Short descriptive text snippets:

------------------------------------------------

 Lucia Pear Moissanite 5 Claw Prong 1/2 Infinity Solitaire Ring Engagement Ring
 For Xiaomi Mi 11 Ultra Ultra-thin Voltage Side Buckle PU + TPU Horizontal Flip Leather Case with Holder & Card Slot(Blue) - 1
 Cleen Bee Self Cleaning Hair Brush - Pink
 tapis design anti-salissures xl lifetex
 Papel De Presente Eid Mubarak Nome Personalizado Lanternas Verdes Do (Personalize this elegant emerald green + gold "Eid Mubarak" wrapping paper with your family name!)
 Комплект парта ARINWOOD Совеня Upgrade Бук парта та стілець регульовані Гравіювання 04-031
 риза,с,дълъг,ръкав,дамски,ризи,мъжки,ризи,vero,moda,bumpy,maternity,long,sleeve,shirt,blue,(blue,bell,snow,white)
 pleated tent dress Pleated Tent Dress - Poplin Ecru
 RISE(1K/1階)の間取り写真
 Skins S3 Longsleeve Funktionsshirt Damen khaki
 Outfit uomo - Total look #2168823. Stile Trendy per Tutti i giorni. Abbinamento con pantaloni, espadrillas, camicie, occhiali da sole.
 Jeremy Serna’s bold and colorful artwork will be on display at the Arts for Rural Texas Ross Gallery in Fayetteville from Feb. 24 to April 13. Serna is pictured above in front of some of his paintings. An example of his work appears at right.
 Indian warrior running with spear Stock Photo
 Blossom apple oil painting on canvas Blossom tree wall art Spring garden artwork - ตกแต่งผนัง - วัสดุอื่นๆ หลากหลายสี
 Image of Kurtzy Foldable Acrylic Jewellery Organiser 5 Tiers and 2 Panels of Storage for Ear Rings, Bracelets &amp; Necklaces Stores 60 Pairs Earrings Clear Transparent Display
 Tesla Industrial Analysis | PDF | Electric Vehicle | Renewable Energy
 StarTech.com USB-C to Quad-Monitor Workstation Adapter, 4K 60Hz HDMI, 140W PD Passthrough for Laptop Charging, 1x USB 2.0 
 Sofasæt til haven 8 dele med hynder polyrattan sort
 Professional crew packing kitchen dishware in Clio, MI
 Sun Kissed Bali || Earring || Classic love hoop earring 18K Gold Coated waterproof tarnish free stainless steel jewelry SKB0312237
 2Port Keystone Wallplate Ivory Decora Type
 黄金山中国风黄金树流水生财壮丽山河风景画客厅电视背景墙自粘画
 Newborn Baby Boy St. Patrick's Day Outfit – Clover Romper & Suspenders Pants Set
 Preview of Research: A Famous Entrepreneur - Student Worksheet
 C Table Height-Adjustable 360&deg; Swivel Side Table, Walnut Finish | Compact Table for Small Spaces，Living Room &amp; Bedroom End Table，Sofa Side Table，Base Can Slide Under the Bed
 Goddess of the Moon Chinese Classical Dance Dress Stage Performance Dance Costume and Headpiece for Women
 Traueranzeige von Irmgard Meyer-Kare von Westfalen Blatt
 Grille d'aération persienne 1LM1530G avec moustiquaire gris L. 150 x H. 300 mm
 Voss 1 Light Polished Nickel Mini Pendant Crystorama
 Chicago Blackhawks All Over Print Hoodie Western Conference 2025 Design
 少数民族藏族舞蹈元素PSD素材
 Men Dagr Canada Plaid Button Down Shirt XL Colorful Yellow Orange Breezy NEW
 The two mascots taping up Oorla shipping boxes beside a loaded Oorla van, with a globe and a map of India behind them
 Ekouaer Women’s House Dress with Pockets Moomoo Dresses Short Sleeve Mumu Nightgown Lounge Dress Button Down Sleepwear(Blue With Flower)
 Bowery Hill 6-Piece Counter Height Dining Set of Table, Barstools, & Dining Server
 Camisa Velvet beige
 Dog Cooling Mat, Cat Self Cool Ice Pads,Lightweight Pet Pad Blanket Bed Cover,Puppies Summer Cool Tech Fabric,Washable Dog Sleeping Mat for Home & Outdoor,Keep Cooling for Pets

------------------------------------------------

WORK TASK: The required result is an identical copy of the records above.

ANSWER TO THIS EXERCISE:
 Lucia Pear Moissanite 5 Claw Prong 1/2 Infinity Solitaire Ring Engagement Ring
 For Xiaomi Mi 11 Ultra Ultra-thin Voltage Side Buckle PU + TPU Horizontal Flip Leather Case with Holder & Card Slot(Blue) - 1
 Cleen Bee Self Cleaning Hair Brush - Pink
 tapis design anti-salissures xl lifetex
 Papel De Presente Eid Mubarak Nome Personalizado Lanternas Verdes Do (Personalize this elegant emerald green + gold "Eid Mubarak" wrapping paper with your family name!)
 Комплект парта ARINWOOD Совеня Upgrade Бук парта та стілець регульовані Гравіювання 04-031
 риза,с,дълъг,ръкав,дамски,ризи,мъжки,ризи,vero,moda,bumpy,maternity,long,sleeve,shirt,blue,(blue,bell,snow,white)
 pleated tent dress Pleated Tent Dress - Poplin Ecru
 RISE(1K/1階)の間取り写真
 Skins S3 Longsleeve Funktionsshirt Damen khaki
 Outfit uomo - Total look #2168823. Stile Trendy per Tutti i giorni. Abbinamento con pantaloni, espadrillas, camicie, occhiali da sole.
 Jeremy Serna’s bold and colorful artwork will be on display at the Arts for Rural Texas Ross Gallery in Fayetteville from Feb. 24 to April 13. Serna is pictured above in front of some of his paintings. An example of his work appears at right.
 Indian warrior running with spear Stock Photo
 Blossom apple oil painting on canvas Blossom tree wall art Spring garden artwork - ตกแต่งผนัง - วัสดุอื่นๆ หลากหลายสี
 Image of Kurtzy Foldable Acrylic Jewellery Organiser 5 Tiers and 2 Panels of Storage for Ear Rings, Bracelets &amp; Necklaces Stores 60 Pairs Earrings Clear Transparent Display
 Tesla Industrial Analysis | PDF | Electric Vehicle | Renewable Energy
 StarTech.com USB-C to Quad-Monitor Workstation Adapter, 4K 60Hz HDMI, 140W PD Passthrough for Laptop Charging, 1x USB 2.0 
 Sofasæt til haven 8 dele med hynder polyrattan sort
 Professional crew packing kitchen dishware in Clio, MI
 Sun Kissed Bali || Earring || Classic love hoop earring 18K Gold Coated waterproof tarnish free stainless steel jewelry SKB0312237
 2Port Keystone Wallplate Ivory Decora Type
 黄金山中国风黄金树流水生财壮丽山河风景画客厅电视背景墙自粘画
 Newborn Baby Boy St. Patrick's Day Outfit – Clover Romper & Suspenders Pants Set
 Preview of Research: A Famous Entrepreneur - Student Worksheet
 C Table Height-Adjustable 360&deg; Swivel Side Table, Walnut Finish | Compact Table for Small Spaces，Living Room &amp; Bedroom End Table，Sofa Side Table，Base Can Slide Under the Bed
 Goddess of the Moon Chinese Classical Dance Dress Stage Performance Dance Costume and Headpiece for Women
 Traueranzeige von Irmgard Meyer-Kare von Westfalen Blatt
 Grille d'aération persienne 1LM1530G avec moustiquaire gris L. 150 x H. 300 mm
 Voss 1 Light Polished Nickel Mini Pendant Crystorama
 Chicago Blackhawks All Over Print Hoodie Western Conference 2025 Design
 少数民族藏族舞蹈元素PSD素材
 Men Dagr Canada Plaid Button Down Shirt XL Colorful Yellow Orange Breezy NEW
 The two mascots taping up Oorla shipping boxes beside a loaded Oorla van, with a globe and a map of India behind them
 Ekouaer Women’s House Dress with Pockets Moomoo Dresses Short Sleeve Mumu Nightgown Lounge Dress Button Down Sleepwear(Blue With Flower)
 Bowery Hill 6-Piece Counter Height Dining Set of Table, Barstools, & Dining Server
 Camisa Velvet beige
 Dog Cooling Mat, Cat Self Cool Ice Pads,Lightweight Pet Pad Blanket Bed Cover,Puppies Summer Cool Tech Fabric,Washable Dog Sleeping Mat for Home & Outdoor,Keep Cooling for Pets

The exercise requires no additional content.